Summary
holding that property subject to a section 1031 exchange remained separate property for the purposes of distribution in a divorce action
Summary of this case from Dahl v. DahlOpinion
Case No. Nos. CT2003-0008, CT2003-0020.
Decided January 22, 2004.
Civil Appeal from Muskingum County, Court of Common Pleas, Domestic Relations Division, Case DB2001-0204.
Affirmed.
Miles D. Fries, 320 Main Street, Zanesville, OH 43702-0190, for Plaintiff-Appellant.
D. Michael Haddox, 27 N. 5th Street, Zanesville, OH 43701, for Defendant-Appellee.
W. Scott Gwin, P.J., Sheila Farmer, J., Julie Edwards, J.
OPINION
{¶ 1} Plaintiff-appellant Glee Smith appeals from the December 30, 2002, Decision, the January 2, 2003, Amended Decision, and the March 21, 2003, Judgment Entry and Decree of Divorce of the Muskingum County Court of Common Pleas, Domestic Relations Division.
STATEMENT OF THE FACTS AND CASE
{¶ 2} Appellant Glee Smith and appellee John Smith were married on December 29, 1968. On March 13, 2001, appellant filed a complaint for divorce against appellee in the Muskingum County Court of Common Pleas, Domestic Relations Division. After appellee filed an answer and counterclaim, the matter proceeded to trial before a Magistrate on January 14, 2002.
{¶ 3} At dispute in the case sub judice is the status of two parcels of real estate. While one of the parcels consists of approximately 182 acres in Glenford, Ohio, the other parcel consists of approximately 201 acres on State Route 204 in Mt. Perry. The parties, at trial, agreed that their principal dispute concerned whether the two parcels were separate or marital property.
{¶ 4} At the trial in this matter, testimony was adduced that appellee's father owned a 437 acre farm.
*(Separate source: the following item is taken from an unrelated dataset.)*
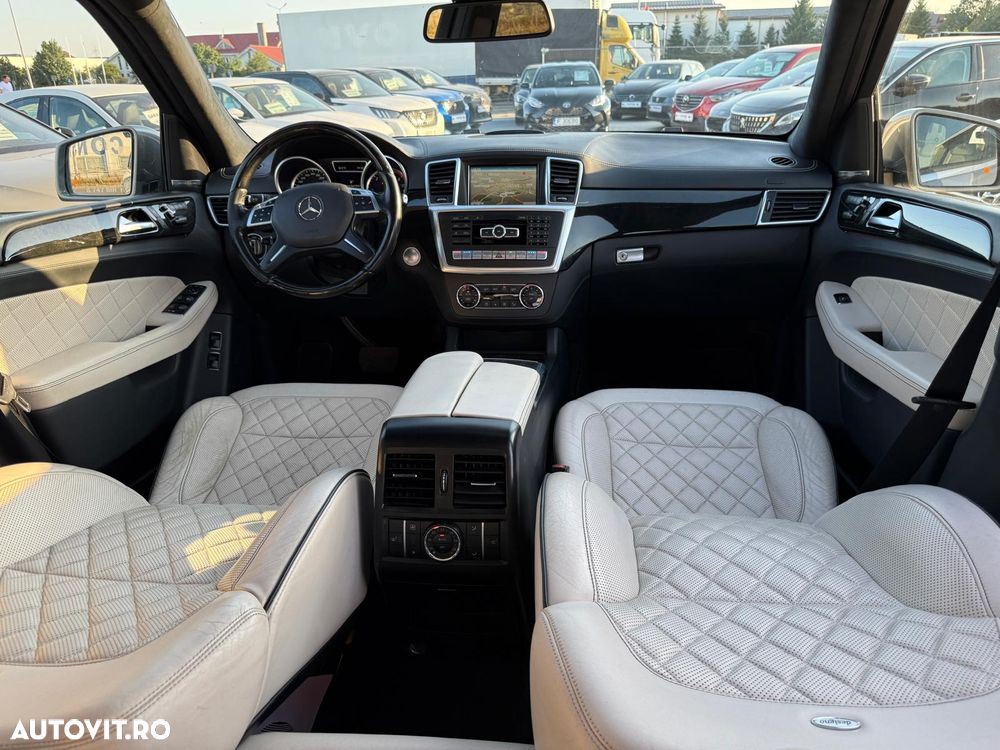 Mercedes-Benz GLS - 24
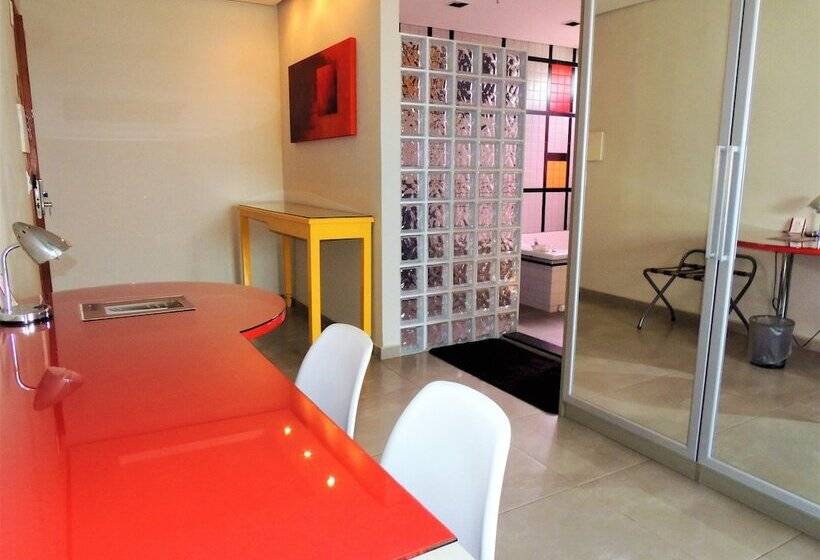 스위트, Mondrian Suite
After his father died when appellee was fourteen years old, appellee, his mother and his brother inherited the farm. In 1994, appellee began conducting some 1031 tax-free exchanges on his portion of the inheritance. In three separate 1031 transactions, appellee exchanged his portion of the farm for three separate parcels of real estate. In addition to the two parcels mentioned above, the third parcel is a 50 acre farm located in Roseville, Ohio.
In 1031 exchanges, real property is exchanged for real property.
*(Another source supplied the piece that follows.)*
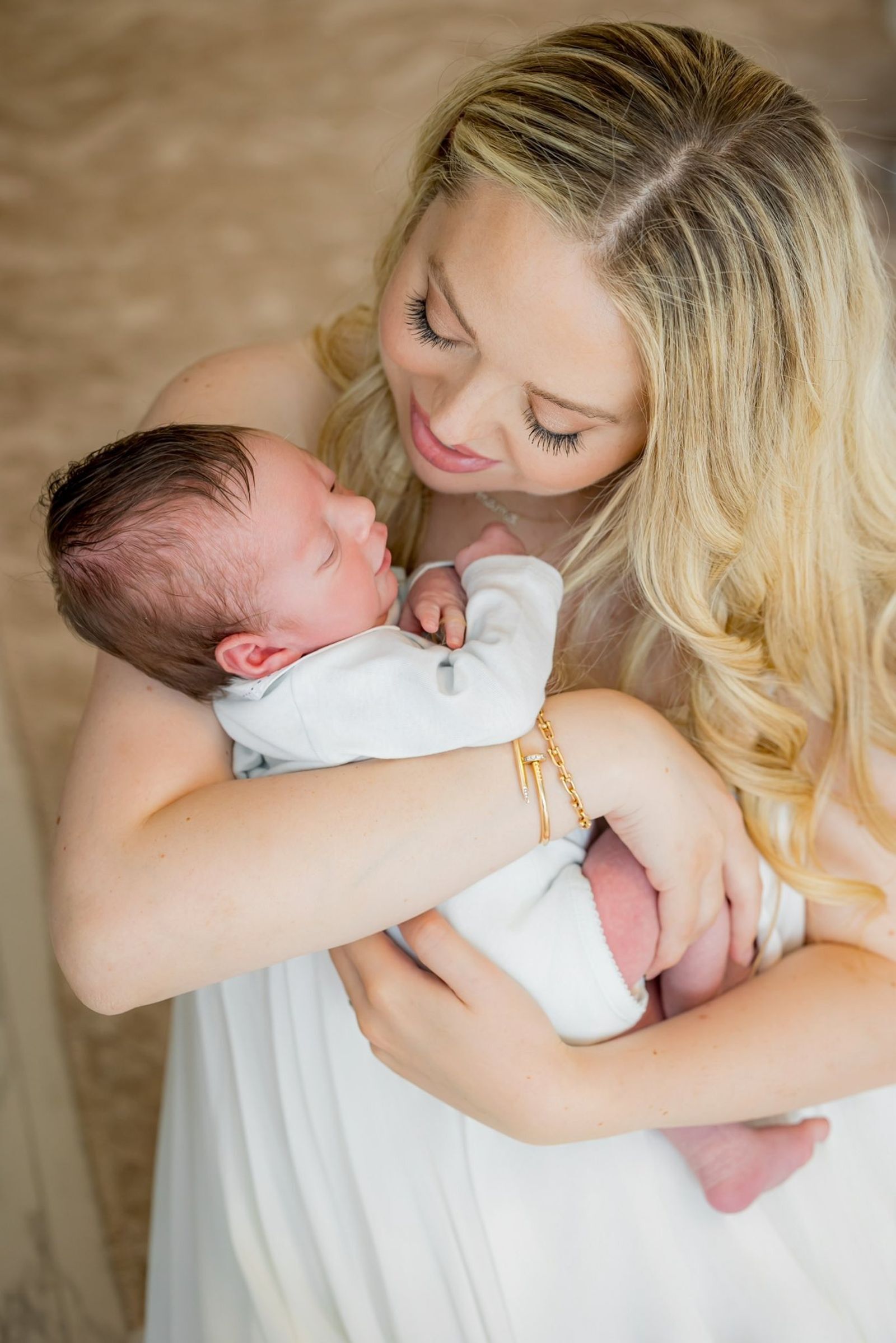 蒂芬妮抱著2個月大的兒子。（翻攝tiffanytrump IG）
{¶ 5} The closing for the property located on State Route 204 in Mt. Perry occurred in May of 1994. The deed to such property, which was prepared by appellee's attorney, was placed in both appellee's and appellant's names. When asked whether she had a discussion with appellee prior to the closing for such property about the ownership of this parcel of real estate, appellant responded that "[w]e didn't talk about ownership . . ." Transcript at 18. According to appellant, appellee called his attorney on the day prior to the closing and told his attorney that he wanted to "get this finalized" and to put the parcel in both of their names. Transcript at 18. Appellant further testified that, at the real estate closing, she asked appellee before signing the papers if he was sure that he wanted to put appellant's name on the deed. Appellant testified that appellee answered affirmatively. Both parties signed a note to Farm Credit Services that was secured by a mortgage on the Mt. Perry property.
The note was for approximately $119,000.00.
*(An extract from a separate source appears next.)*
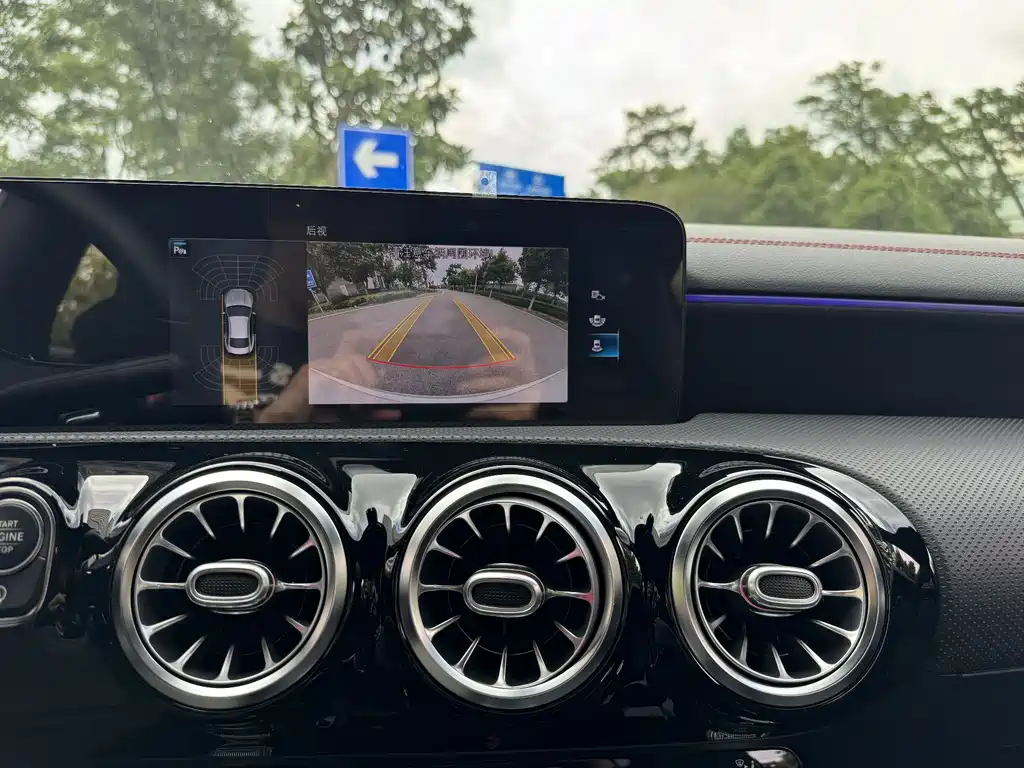 Mercedes-Benz CLA 2020 — фото 17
{¶ 6} At the trial, testimony was also adduced that the 182 acres in Glenford was part of the 1031 exchange and that the September 8, 1994, deed to the same, which was prepared by appellee's attorney also was put in both appellee's and appellant's names. The following testimony was adduced when appellant was asked whether she ever had a discussion with appellee about putting the property in both of their names:
The closing for such property occurred on a different date than the closing for the State Route 204 property.
{¶ 7} "A. About putting it in both names?
{¶ 8} "Q. (Nods affirmatively.)
{¶ 9} "A. No, I don't recall ever discussing having it put in both names, no.
{¶ 10} "Q. Okay. Did he ever tell you that it was his intention that that was his separate property, or his belief that that was his separate property?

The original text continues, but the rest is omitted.